Juste une précision pour souligner un paradoxe : la fragmentation est souvent vue à travers un filtre qui contient un « jugement de valeur » implicite : c’est le découpage d’un milieu favorable (exemple des forêts), dans une matrice défavorable (exemple des grandes cultures). Mais rares sont les études qui portent sur des espèces (ex : l’alouette des champs, le vanneau huppé) appréciant les milieux ouverts et qui n’apprécient pas une fragmentation de ce milieu par découpage de celui-ci lors de l’implantation d’une trame verte arborée par exemple. Ce jugement de valeur est associé à une réalité : il y a plus d’espèces forestières que commensales des cultures. Il n’empêche que lorsqu’on s’intéresse aux conseils destinés aux agriculteurs, que leur dit-on ? Fractionnez ! C’est-à-dire apportez de l’hétérogénéité dans la mosaïque cultivée, et découpez vos trop grandes parcelles. Il faudrait donc probablement préciser ce que l’on fractionne, ce qui revient à donner une « valeur » aux habitats, question essentielle de toute action en faveur de la biodiversité.
En réaction au commentaire de Xavier Letheve, je voudrais souligner que la mise en place de haies au sein de larges surfaces céréalières (monoculture de blé en Beauce par ex.) doit bénéficier à la biodiversité agricole :
– d’une part, parce que la présence d’arbres ou d’arbustes est nécessaire à la colonisation des terres cultivées par de nombreuses espèces animales, spécialistes ou non des milieux agricoles, et en particulier justement par des oiseaux. Mis à par le groupe des alouettes et cochevis (alaudidés), qui nichent au sol, la plupart les passereaux des régions agricoles construisent leur nid dans des arbres ou les buissons (linotte mélodieuse, pie grièche, tarier des près..), voire des granges et greniers (hirondelles des cheminées) ; ces espèces jouent un rôle important dans le contrôle des insectes phytophages et la régulation des chaînes trophiques.

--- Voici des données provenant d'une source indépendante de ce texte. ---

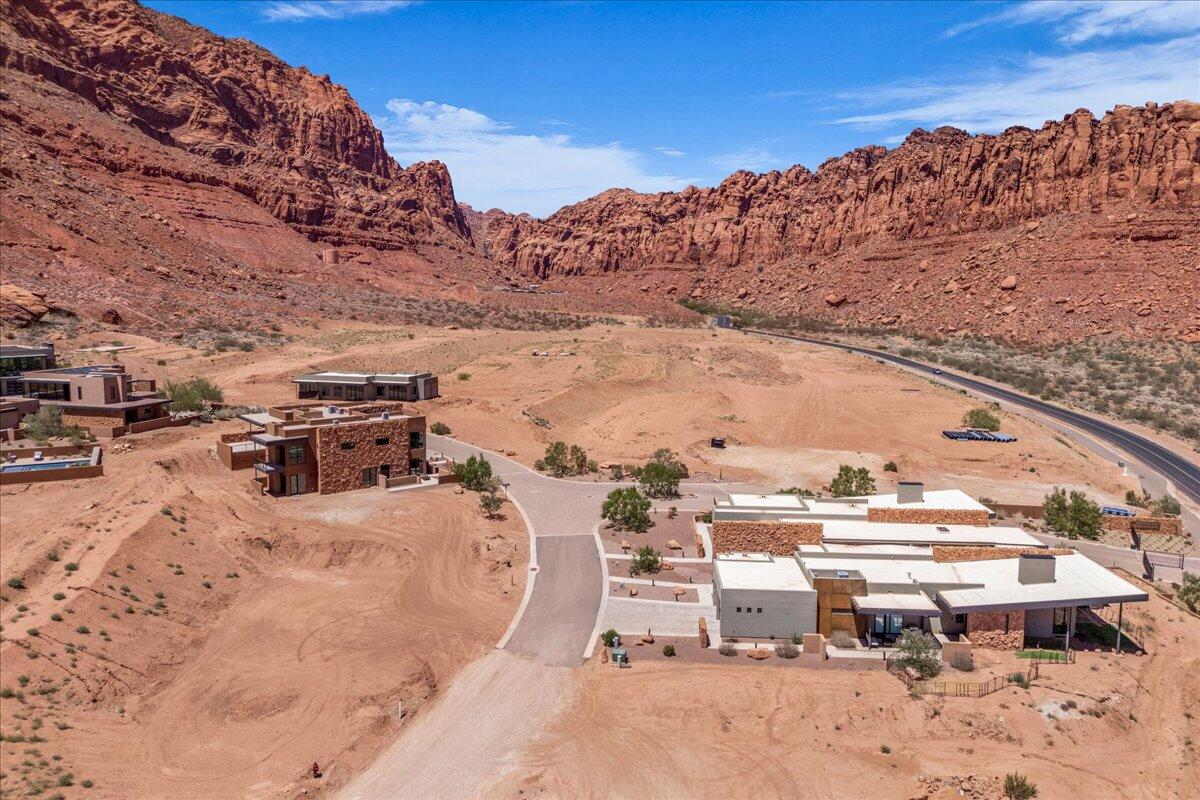 SENTIERRE PADRE CANYON - Residential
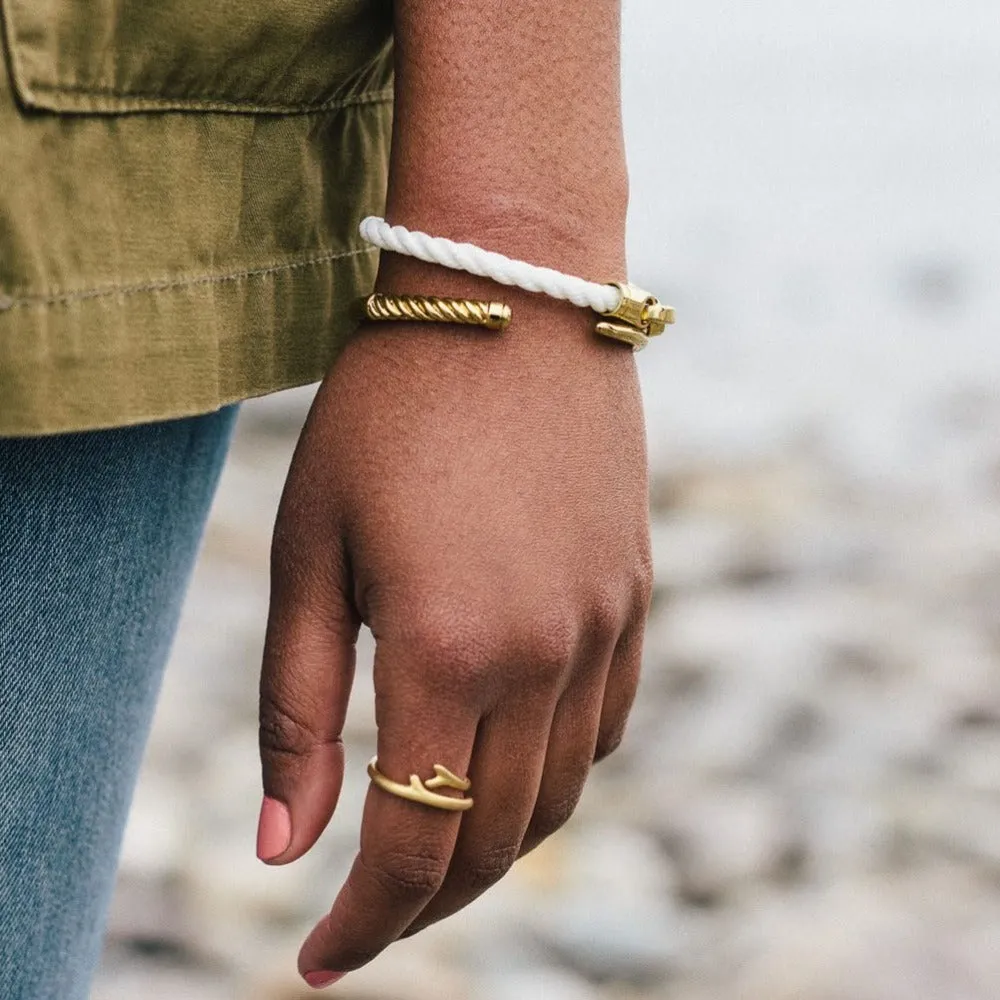 Endeavour Single Wrap Rope Bracelet with Polished Brass Brummels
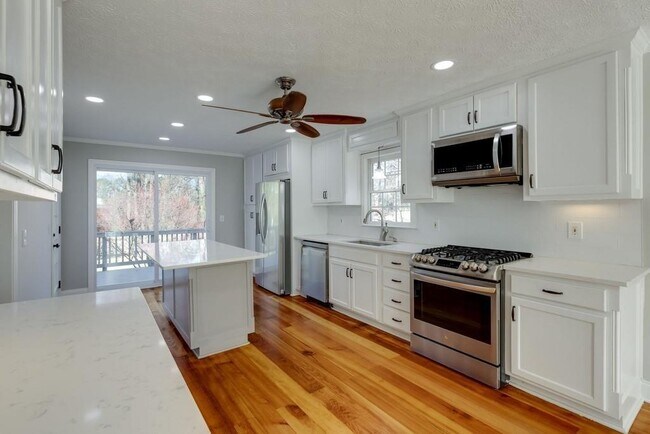 Building Photo - 4843 McPherson Dr NE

– Accessoirement, ces haies participent à la régulation du climat local, et à la rétention de d’eau par les sols..
– Par ailleurs, l’installation de haies étroites au sein de larges surfaces céréalières n’est pas à proprement parler une mesure de « fragmentation » de l’habitat agricole, telle que présentée dans ce regard, car elle ne réduit que marginalement i) la surface totale de ces champs et ii) les déplacements des organismes (donc les flux géniques) entre les « parcelles » ainsi délimitées.
(Ceci à l’inverse de la reforestation ou de l’urbanisation en zone agricole, qui réduisent effectivement la surface des terres cultivées et peuvent limiter les flux géniques entre parcelles.)